### Supplied records

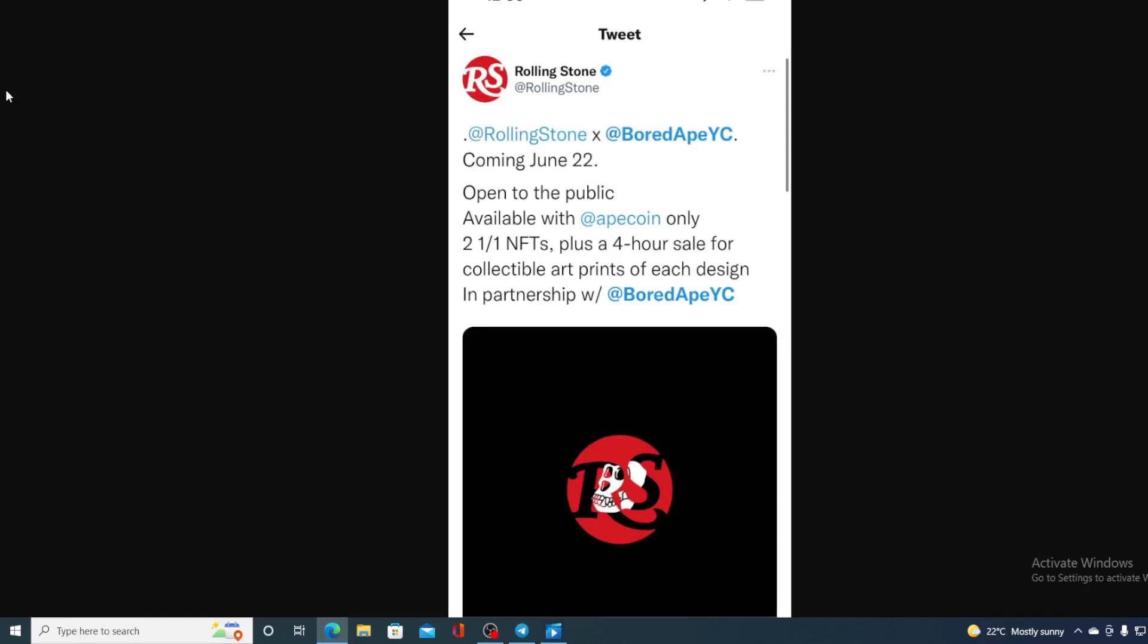Take a look at this amazing tweet from Rolling Stone, guys. This will definitely have a huge impact on the future price of ApeCoin. Rolling Stone and BAYC coming on June 22nd.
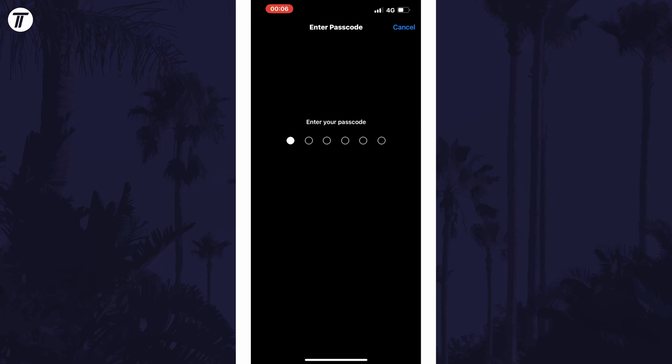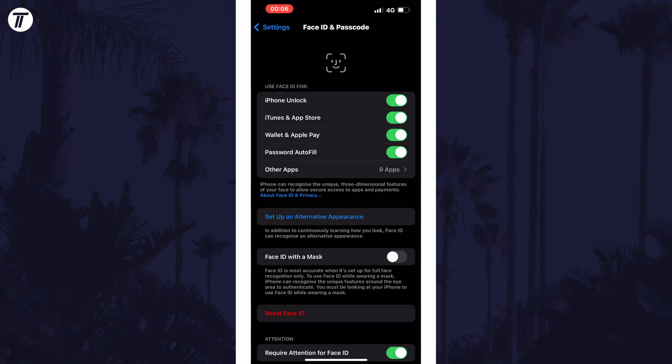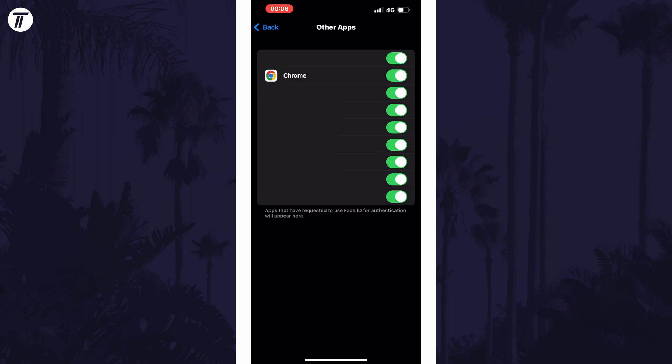Now enter your passcode and when the Settings page loads, look for where it says Other Apps. Tap on this and then you should see the list of apps that have Face ID enabled and you can use the toggle switch next to each app to disable Face ID for just that app.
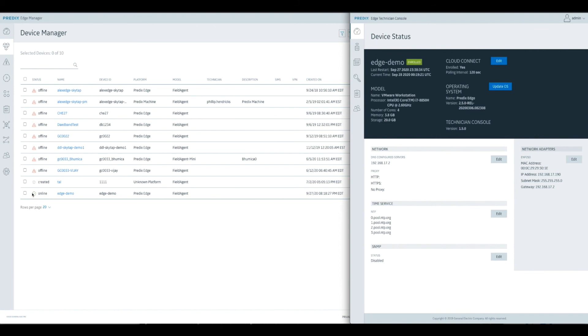In the next demo, we're going to launch APM, show that there's no data there. Then from Edge Manager, we'll deploy some applications and some configurations, and we'll see the data appearing in the APM tool.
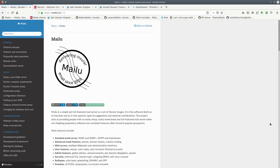In this video I will demonstrate how to install Melu on Docker as a complete mail server stack solution in less than 20 minutes.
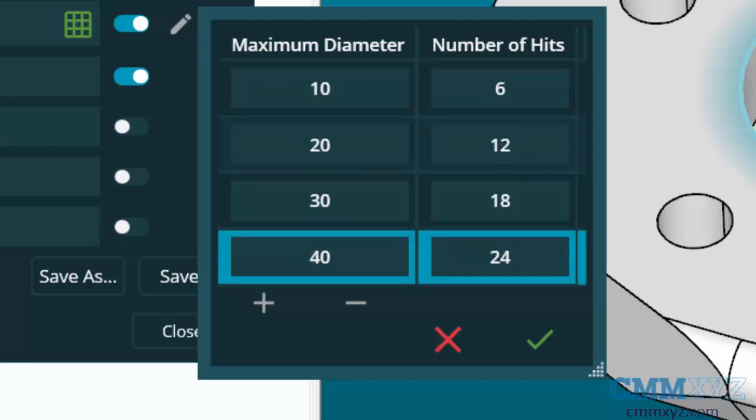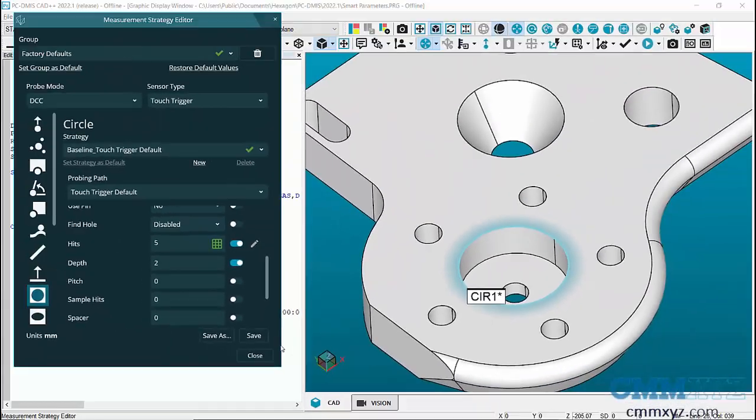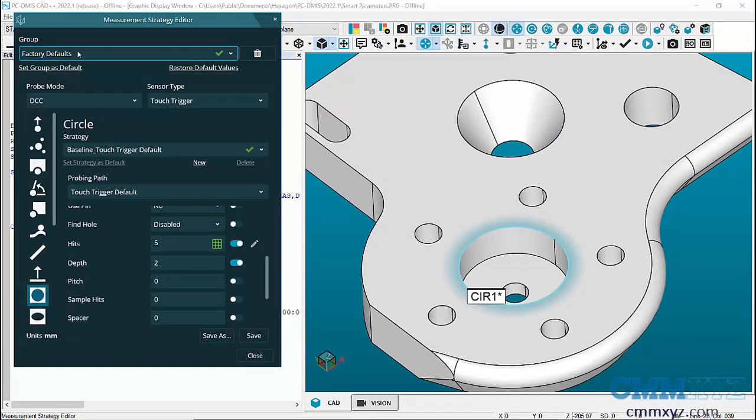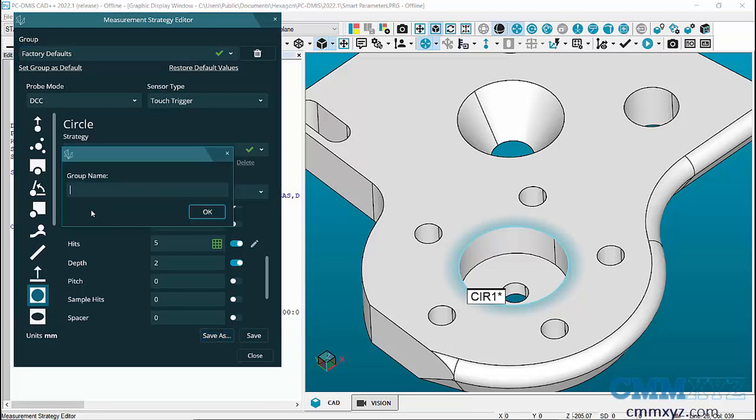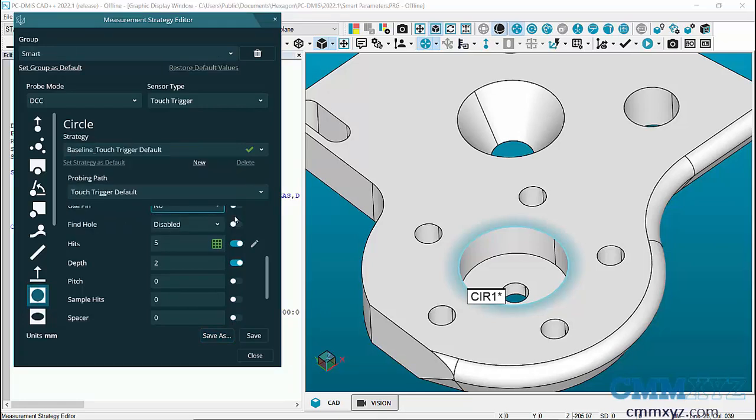There's my settings, and I'll just click the green check mark to apply. Now what I'll do is save this as a group, because we cannot change the factory default settings, we can just add new ones. I'll do a save as, give it a name. I'll just call it smart, and okay.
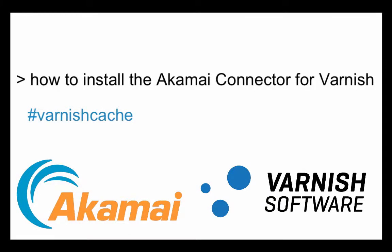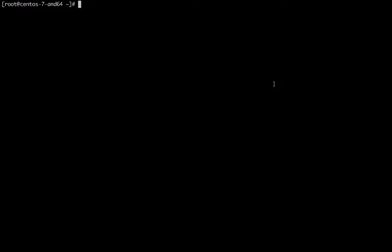Welcome. In this video, you will learn how to set up the Akamai connector for Varnish Cache on a CentOS 7 virtual machine.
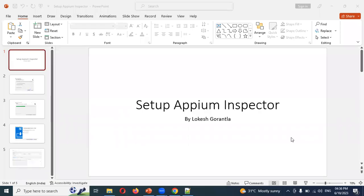Hi friends, welcome to Testing Tutorials Point. This is Lokesh, and today we are going to discuss how to install Appium Inspector and Appium Server on your local machine.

######

### Work request
What is needed is a verbatim copy of every entry, with the pictures omitted.

### Solution to this exercise
Take a look at this amazing tweet from Rolling Stone, guys. This will definitely have a huge impact on the future price of ApeCoin. Rolling Stone and BAYC coming on June 22nd.
Now enter your passcode and when the Settings page loads, look for where it says Other Apps. Tap on this and then you should see the list of apps that have Face ID enabled and you can use the toggle switch next to each app to disable Face ID for just that app.
In the next demo, we're going to launch APM, show that there's no data there. Then from Edge Manager, we'll deploy some applications and some configurations, and we'll see the data appearing in the APM tool.
In this video I will demonstrate how to install Melu on Docker as a complete mail server stack solution in less than 20 minutes.
There's my settings, and I'll just click the green check mark to apply. Now what I'll do is save this as a group, because we cannot change the factory default settings, we can just add new ones. I'll do a save as, give it a name. I'll just call it smart, and okay.
Welcome. In this video, you will learn how to set up the Akamai connector for Varnish Cache on a CentOS 7 virtual machine.
Hi friends, welcome to Testing Tutorials Point. This is Lokesh, and today we are going to discuss how to install Appium Inspector and Appium Server on your local machine.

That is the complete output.